:: DATA SHOWN
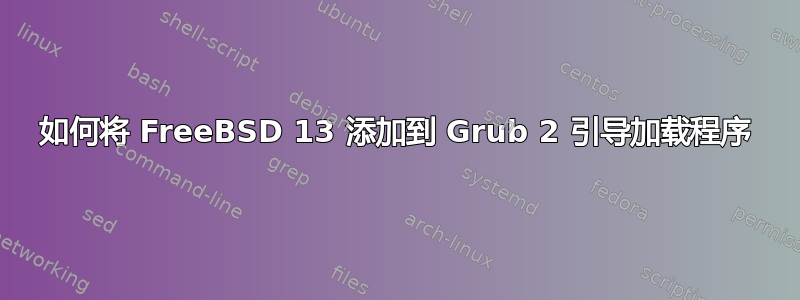 如何将 FreeBSD 13 添加到 Grub 2 引导加载程序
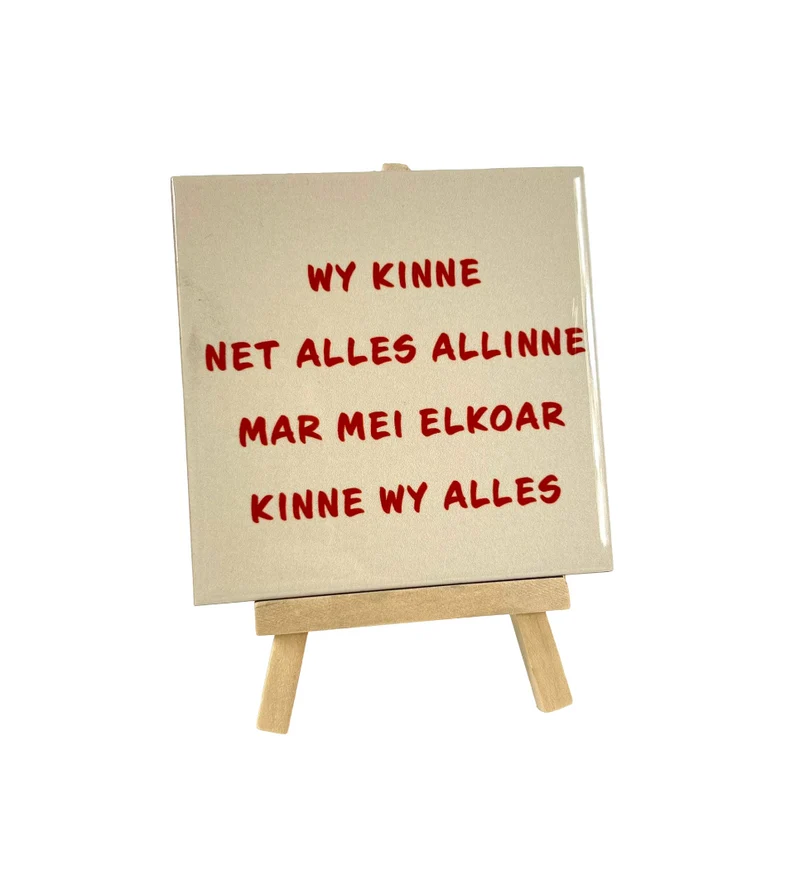 Tegeltje Fries mei elkoar kinne wy alles 10,5x10,5x0,5cm keramiek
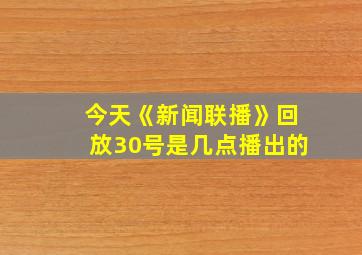 今天《新闻联播》回放30号是几点播出的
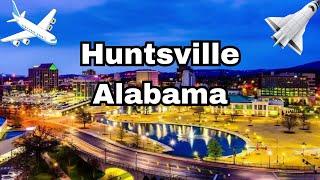 Top 10 Must Visit Spots in Huntsville, Alabama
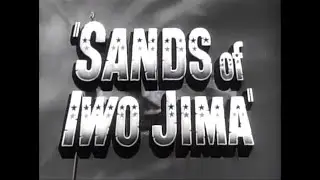 "Sands of Iwo Jima" (1949) Trailer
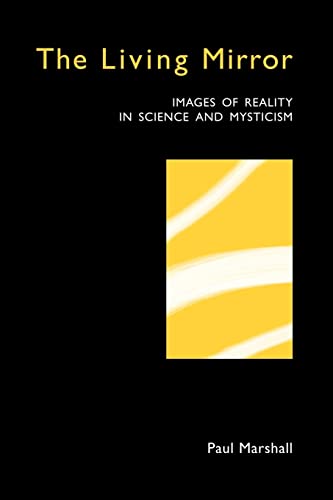 Marshall - Living Mirror: Images of Reality in Science and Mysticism -
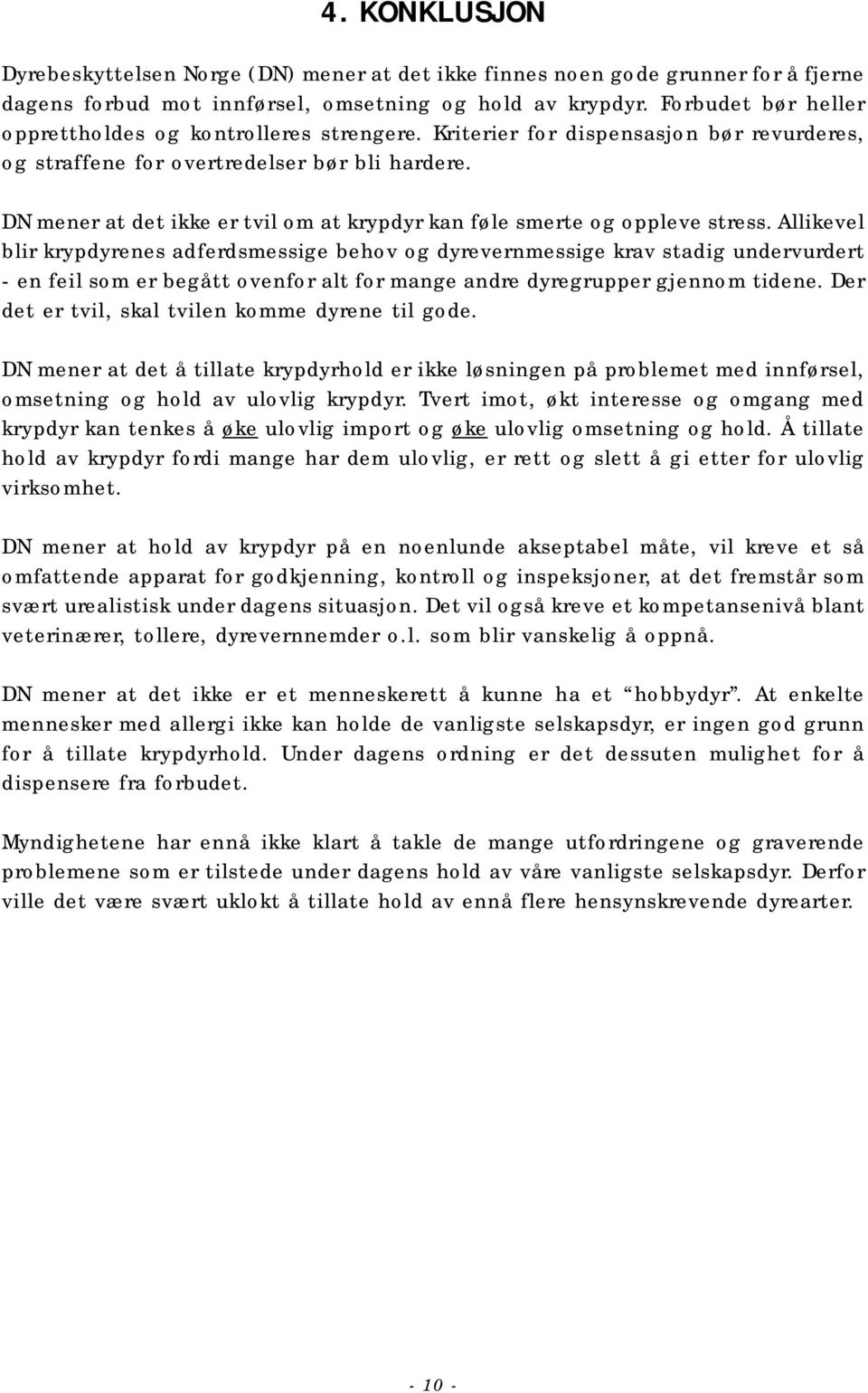 DN mener at det ikke er tvil om at krypdyr kan føle smerte og oppleve stress.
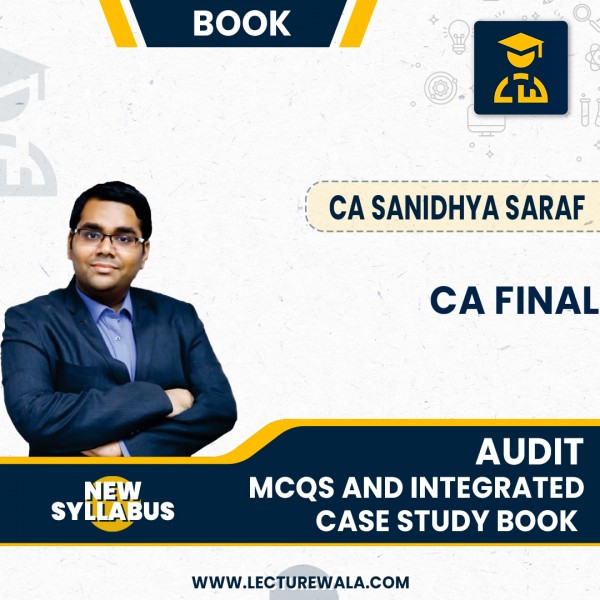 CA FINAL Audit MCQs and Integrated Case Study Book By CA Sanidhya Saraf: Study Material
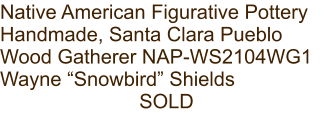Native American Figurative Pottery Handmade, Santa Clara Pueblo Wood Gatherer NAP-WS2104WG1 Wayne “Snowbird” Shields SOLD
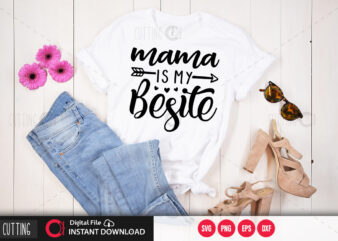 Mama is my besite SVG DESIGN,CUT FILE DESIGN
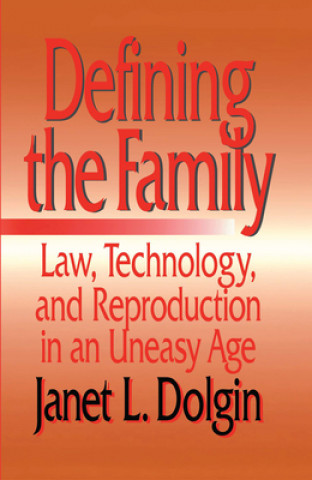 Kniha Defining the Family Janet L. Dolgin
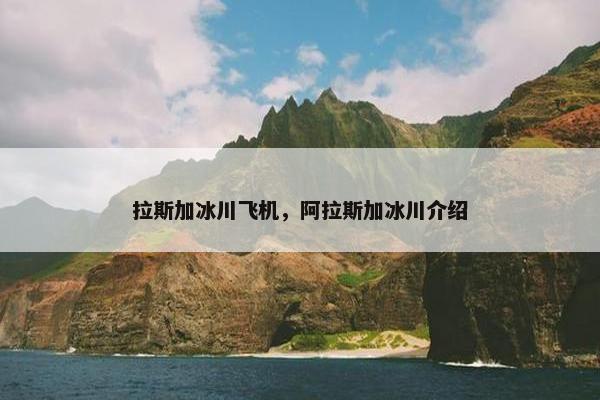 拉斯加冰川飞机，阿拉斯加冰川介绍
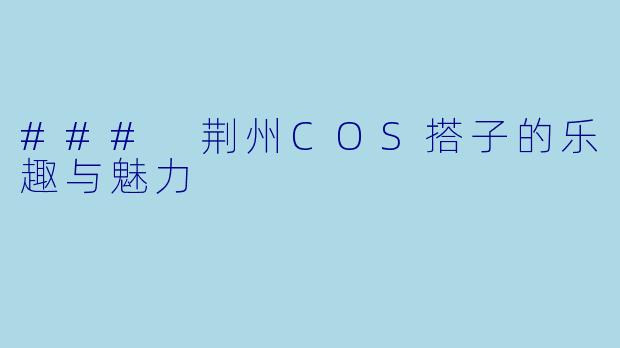 ### 荆州COS搭子的乐趣与魅力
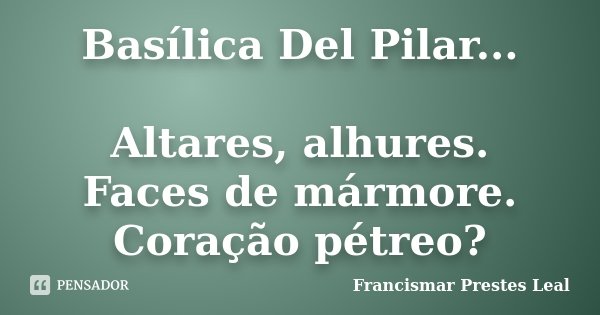 Basílica Del Pilar... Altares, alhures. Faces de mármore. Coração pétreo?... Frase de Francismar Prestes Leal.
::::
Could you write out all the records exactly, without the pictures?

• **OUTPUT OF THE TASK**
 如何将 FreeBSD 13 添加到 Grub 2 引导加载程序
 Tegeltje Fries mei elkoar kinne wy alles 10,5x10,5x0,5cm keramiek
 今天《新闻联播》回放30号是几点播出的
 Top 10 Must Visit Spots in Huntsville, Alabama
 "Sands of Iwo Jima" (1949) Trailer
 Marshall - Living Mirror: Images of Reality in Science and Mysticism -
 DN mener at det ikke er tvil om at krypdyr kan føle smerte og oppleve stress.
 CA FINAL Audit MCQs and Integrated Case Study Book By CA Sanidhya Saraf: Study Material
Native American Figurative Pottery Handmade, Santa Clara Pueblo Wood Gatherer NAP-WS2104WG1 Wayne “Snowbird” Shields SOLD
 Mama is my besite SVG DESIGN,CUT FILE DESIGN
 Kniha Defining the Family Janet L. Dolgin
 拉斯加冰川飞机，阿拉斯加冰川介绍
 ### 荆州COS搭子的乐趣与魅力
 Basílica Del Pilar... Altares, alhures. Faces de mármore. Coração pétreo?... Frase de Francismar Prestes Leal.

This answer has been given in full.